03.02.2022 - 07:00 | Son Güncellenme:
Harun KARABURÇ - James Joyce’un “Ulysses”i modern edebiyatın dönüm noktası kabul ediliyor... Amerikan dergisi The Little Review’da Mart 1918’den Aralık 1920’ye kadar tefrika edilen “Ulysses”, 2 Şubat 1922’de kitap hâlinde okurla ilk kez buluştu. O tarihten günümüze de milyonlarca sadık okura ulaştı. Romanın 100. yaşını Türkiye’de, tercüme edebiyatın iki önemli ismi Sevin Okyay ve Fuat Sevimay ile değerlendirdik. Okyay, “Okunması zevkli ve zor bir kitaptır” sözleriyle nitelediği "Ulysses"in çevirisini nasıl yarıda bıraktığını anlattı.

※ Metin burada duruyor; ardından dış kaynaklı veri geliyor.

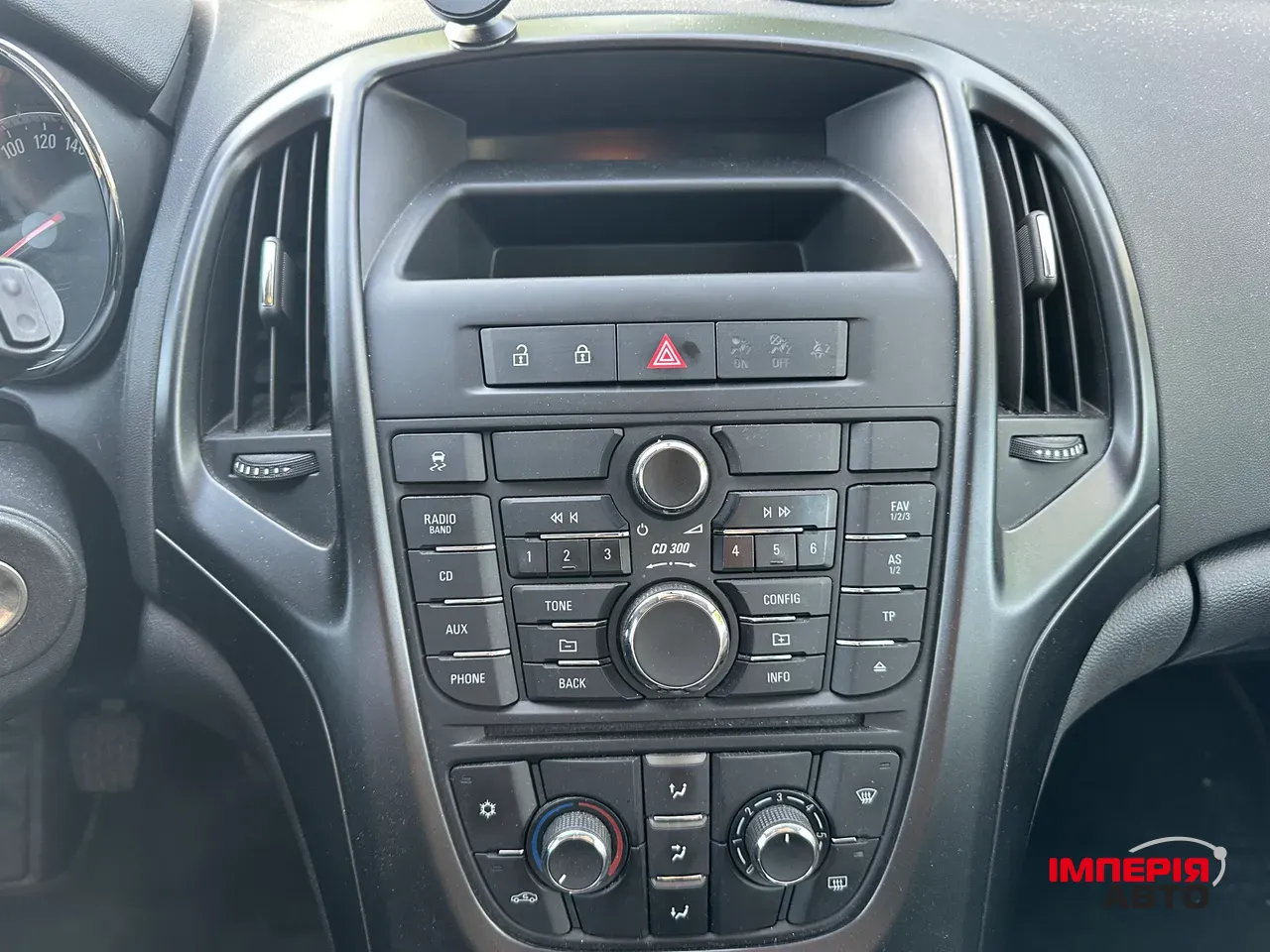 Opel Astra - фото 10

“2022 yılının Bloom ve Dadalus’larıyız”
Fuat Sevimay: “Ulysses”in hâlen, dünya edebiyatının en önemli yapıtlarından biri olmasının ve muhtemelen bir 100 yıl daha sonra yine okunacak oluşunun, sunduğu bakış açısının, zamandan ve mekândan bağımsızlığından kaynaklı geldiğini düşünürüm. “Ulysses”in neden değerli olduğuna dair onlarca başlık altında, bir dolu şey söylenebilir. Ama iki başlığı ön plana çıkarırsak sanırım sorunun yanıtına daha çok yaklaşmış oluruz. Birincisi; “Ulysses”, bize sahte kahramanlıklar sunmak yerine, kendi günümüzün kahramanı olmamız, yaşamımızdaki eğri ve doğruların farkına varmamız gerektiğini hatırlatıyor. Bu açıdan bizler de 2022 yılının Bloom ve Dadalus’larıyız. İkinci başlıkta, “Ulysses”in, halk ile sanat buluşmadığı sürece, edebiyatın herhangi bir işe yaramayacağını hatırlattığını söylemeliyiz. Halk, kendi çıkarına olacak şekilde ve sanat yoluyla kendini zorlamalı, sanat da sırça köşkten bakmak yerine halka karışmalıdır. Ayrıca biçimden ve sabit üsluptan bağımsız, yepyeni bir anlatım biçimi ortaya koymasıyla, kadim insanlık belleğiyle günlük koşturmacamızı iç içe geçiren müthiş tekniğiyle, çığır açıcı bir eserdir. Kendi gücünün dışında, binlerce sanat eserini etkilemiş olması da ayrıca önemlidir.
“Aramız hep iyi oldu”
Sevin Okyay: “Ulysses”ın kitap olarak yayımlanmasının 100’üncü yılını kutluyoruz. James Joyce’un da 140’ıncı yaşı. Kitap, başkarakteri Leopold Bloom’un Odyssey yolculuğunu izleyerek Dublin’de 24 saat dolaşmasını anlatır. Okunması zevkli ve zor bir kitaptır. Çevirmesi daha da zordur. Ben, evveleski haddini bilmeyen bir şahıs olarak Politika gazetesinde çalışırken sanıyorum, yani 70’lerin sonunda, kitabı o kadar sevdim ki, çevirmeye kalktım. Ne demekmiş “imkânsız”? Oysa evde çalışma şartları elverişli değildi, gazetede de sahiden imkânsızdı. Bilgin de yetersizmiş diyeceksiniz. Evet, böyle denebilir. Ama bana yardımcı olsun diye aldığım Joyce ve “Ulysses” üstüne bütün o kitaplar (Ellmann’ın yüzlerce sayfasını ezberlemiş olsam gerek) o eksiği telafi etmişti. Şimdi önerilen listeye baktım da, neredeyse hepsini biliyorum. Olmayan paramı harcadım, aşırı bilgi edindim ve bu hızla kitabı üç yılda bitireceğimi anladım. Ama Joyce’la ondan sonra aramız hep iyi oldu.